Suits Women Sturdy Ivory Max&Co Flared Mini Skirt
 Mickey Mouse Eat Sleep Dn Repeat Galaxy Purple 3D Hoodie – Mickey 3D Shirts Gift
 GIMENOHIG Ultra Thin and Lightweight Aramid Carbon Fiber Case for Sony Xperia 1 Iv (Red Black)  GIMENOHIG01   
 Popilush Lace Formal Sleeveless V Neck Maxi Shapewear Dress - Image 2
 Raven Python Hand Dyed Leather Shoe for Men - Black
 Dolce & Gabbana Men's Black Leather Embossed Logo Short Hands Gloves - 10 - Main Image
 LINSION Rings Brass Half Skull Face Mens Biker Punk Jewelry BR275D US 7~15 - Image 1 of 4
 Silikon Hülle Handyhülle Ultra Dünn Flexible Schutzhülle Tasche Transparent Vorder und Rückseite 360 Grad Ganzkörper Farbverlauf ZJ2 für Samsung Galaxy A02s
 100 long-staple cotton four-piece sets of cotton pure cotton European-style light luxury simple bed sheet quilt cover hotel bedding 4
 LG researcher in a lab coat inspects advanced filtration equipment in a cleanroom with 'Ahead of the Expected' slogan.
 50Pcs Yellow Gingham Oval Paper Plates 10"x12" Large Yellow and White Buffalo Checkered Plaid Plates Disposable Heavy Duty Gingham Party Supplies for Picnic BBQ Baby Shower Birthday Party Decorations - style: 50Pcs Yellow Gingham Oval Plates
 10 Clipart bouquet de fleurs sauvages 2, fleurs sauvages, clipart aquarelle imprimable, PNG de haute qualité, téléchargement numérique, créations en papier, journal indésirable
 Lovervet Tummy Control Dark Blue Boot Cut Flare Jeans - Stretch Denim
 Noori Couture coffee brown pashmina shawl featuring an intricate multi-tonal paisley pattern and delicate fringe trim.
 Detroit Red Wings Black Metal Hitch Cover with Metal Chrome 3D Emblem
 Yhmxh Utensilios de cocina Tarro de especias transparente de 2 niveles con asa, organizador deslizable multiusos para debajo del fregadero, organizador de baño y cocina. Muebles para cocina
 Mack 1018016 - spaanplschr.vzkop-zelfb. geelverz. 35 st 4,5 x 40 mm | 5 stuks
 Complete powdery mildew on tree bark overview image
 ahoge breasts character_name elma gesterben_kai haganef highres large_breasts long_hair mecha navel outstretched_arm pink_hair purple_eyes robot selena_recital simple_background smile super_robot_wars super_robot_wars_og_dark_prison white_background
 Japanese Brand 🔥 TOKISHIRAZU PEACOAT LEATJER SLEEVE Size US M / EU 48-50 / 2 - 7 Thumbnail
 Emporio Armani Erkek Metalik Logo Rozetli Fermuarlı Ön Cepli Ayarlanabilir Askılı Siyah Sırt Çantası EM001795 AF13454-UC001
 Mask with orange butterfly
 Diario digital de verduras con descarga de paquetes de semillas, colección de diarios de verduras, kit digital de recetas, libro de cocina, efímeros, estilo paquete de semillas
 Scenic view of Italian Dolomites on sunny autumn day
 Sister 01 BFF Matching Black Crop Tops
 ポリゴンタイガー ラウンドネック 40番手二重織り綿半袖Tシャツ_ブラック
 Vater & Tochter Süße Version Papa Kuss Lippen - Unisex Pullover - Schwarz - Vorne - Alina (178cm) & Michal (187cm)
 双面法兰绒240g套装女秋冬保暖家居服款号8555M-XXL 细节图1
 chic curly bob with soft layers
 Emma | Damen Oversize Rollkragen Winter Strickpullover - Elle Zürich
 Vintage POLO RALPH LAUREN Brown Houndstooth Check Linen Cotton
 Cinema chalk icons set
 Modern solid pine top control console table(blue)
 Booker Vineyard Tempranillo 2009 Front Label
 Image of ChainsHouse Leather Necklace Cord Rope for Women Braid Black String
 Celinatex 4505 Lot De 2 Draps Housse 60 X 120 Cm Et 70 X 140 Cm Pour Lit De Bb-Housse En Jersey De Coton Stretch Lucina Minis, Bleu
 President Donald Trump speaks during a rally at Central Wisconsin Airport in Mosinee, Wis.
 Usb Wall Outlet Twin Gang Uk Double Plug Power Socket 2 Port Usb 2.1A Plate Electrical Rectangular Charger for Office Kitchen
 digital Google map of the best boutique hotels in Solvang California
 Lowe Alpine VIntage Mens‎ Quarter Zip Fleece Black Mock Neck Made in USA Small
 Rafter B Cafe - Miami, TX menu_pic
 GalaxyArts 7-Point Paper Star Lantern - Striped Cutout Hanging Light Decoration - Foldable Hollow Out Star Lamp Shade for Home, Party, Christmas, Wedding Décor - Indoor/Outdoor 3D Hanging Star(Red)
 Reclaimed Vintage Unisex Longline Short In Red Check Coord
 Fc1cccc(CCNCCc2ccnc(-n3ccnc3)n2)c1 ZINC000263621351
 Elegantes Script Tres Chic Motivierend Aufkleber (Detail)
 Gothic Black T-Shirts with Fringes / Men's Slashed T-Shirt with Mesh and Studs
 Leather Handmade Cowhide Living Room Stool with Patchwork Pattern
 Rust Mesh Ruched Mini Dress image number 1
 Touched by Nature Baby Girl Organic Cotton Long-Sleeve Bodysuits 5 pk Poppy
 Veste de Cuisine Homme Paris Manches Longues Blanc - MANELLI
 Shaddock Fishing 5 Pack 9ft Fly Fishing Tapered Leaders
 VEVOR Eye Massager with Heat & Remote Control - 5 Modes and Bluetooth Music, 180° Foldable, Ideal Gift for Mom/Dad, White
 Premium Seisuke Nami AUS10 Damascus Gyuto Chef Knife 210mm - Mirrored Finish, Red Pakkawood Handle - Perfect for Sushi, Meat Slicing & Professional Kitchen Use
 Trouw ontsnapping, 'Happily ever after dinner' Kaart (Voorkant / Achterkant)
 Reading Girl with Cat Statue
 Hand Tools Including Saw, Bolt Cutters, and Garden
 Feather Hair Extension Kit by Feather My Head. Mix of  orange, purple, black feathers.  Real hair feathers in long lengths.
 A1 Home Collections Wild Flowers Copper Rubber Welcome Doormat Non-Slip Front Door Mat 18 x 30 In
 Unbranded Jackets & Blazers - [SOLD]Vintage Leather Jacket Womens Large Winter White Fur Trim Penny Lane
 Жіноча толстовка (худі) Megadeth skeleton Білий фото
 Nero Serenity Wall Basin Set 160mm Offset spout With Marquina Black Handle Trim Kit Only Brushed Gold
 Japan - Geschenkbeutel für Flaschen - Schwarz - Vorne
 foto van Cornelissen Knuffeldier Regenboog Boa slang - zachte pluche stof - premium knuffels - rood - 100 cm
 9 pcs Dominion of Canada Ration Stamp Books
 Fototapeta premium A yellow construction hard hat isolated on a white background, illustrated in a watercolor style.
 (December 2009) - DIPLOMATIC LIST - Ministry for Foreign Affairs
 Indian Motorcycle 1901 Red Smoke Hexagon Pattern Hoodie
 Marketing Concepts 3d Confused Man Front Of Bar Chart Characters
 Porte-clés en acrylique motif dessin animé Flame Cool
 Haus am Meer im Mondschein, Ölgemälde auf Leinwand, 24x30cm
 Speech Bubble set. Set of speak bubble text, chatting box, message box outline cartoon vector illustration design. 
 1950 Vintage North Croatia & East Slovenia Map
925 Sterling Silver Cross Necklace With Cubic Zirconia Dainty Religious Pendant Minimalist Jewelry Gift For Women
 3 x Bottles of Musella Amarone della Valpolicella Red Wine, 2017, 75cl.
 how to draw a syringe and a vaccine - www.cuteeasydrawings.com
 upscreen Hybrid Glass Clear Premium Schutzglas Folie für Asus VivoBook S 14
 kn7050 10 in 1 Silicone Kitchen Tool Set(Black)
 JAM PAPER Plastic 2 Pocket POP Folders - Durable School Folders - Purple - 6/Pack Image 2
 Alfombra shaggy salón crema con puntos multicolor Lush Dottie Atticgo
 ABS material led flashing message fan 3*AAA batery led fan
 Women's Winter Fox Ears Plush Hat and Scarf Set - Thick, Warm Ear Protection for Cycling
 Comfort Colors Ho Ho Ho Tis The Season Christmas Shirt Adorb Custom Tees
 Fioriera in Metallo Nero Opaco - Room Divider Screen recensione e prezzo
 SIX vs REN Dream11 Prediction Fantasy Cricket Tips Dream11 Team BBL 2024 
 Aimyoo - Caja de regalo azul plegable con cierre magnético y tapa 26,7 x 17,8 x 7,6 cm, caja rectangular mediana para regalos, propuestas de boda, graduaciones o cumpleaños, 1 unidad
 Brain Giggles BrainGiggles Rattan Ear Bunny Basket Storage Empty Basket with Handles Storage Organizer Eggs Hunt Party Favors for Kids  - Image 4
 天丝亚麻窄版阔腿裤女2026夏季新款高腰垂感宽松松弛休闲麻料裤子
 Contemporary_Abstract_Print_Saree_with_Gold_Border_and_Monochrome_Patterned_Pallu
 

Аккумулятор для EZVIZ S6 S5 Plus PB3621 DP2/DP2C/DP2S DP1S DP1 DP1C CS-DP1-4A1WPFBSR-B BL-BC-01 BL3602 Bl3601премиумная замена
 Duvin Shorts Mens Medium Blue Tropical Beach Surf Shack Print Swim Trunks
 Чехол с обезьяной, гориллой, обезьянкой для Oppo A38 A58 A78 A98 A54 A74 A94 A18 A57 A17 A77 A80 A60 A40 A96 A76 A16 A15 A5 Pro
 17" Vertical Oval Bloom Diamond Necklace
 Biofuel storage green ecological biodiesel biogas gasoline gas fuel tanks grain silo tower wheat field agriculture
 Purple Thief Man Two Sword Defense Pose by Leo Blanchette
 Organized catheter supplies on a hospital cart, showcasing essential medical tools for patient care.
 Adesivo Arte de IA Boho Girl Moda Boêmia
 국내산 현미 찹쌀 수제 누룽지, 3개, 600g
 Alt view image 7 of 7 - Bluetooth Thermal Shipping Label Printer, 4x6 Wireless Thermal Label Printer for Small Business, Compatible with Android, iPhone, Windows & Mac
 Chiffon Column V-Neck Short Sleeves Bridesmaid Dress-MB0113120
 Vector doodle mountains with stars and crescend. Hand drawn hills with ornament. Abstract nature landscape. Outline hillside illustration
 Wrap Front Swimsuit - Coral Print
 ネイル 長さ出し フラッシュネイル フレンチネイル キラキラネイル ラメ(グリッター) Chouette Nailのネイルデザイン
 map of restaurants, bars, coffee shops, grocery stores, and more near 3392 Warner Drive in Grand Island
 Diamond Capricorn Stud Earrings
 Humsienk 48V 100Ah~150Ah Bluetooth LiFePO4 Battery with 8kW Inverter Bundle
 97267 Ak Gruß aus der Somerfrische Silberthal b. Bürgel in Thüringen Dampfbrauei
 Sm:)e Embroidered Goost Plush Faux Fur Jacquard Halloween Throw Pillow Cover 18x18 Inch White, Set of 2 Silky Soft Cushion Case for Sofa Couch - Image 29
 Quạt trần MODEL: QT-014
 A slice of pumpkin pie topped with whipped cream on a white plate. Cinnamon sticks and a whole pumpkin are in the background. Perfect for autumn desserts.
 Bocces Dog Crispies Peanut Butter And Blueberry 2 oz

Task statement: From the entries above, return exactly the line containing "925 Sterling Silver", the line containing "Alfombra shaggy salón", and all lines between, and nothing else.

Solution for this exercise:
925 Sterling Silver Cross Necklace With Cubic Zirconia Dainty Religious Pendant Minimalist Jewelry Gift For Women
 3 x Bottles of Musella Amarone della Valpolicella Red Wine, 2017, 75cl.
 how to draw a syringe and a vaccine - www.cuteeasydrawings.com
 upscreen Hybrid Glass Clear Premium Schutzglas Folie für Asus VivoBook S 14
 kn7050 10 in 1 Silicone Kitchen Tool Set(Black)
 JAM PAPER Plastic 2 Pocket POP Folders - Durable School Folders - Purple - 6/Pack Image 2
 Alfombra shaggy salón crema con puntos multicolor Lush Dottie Atticgo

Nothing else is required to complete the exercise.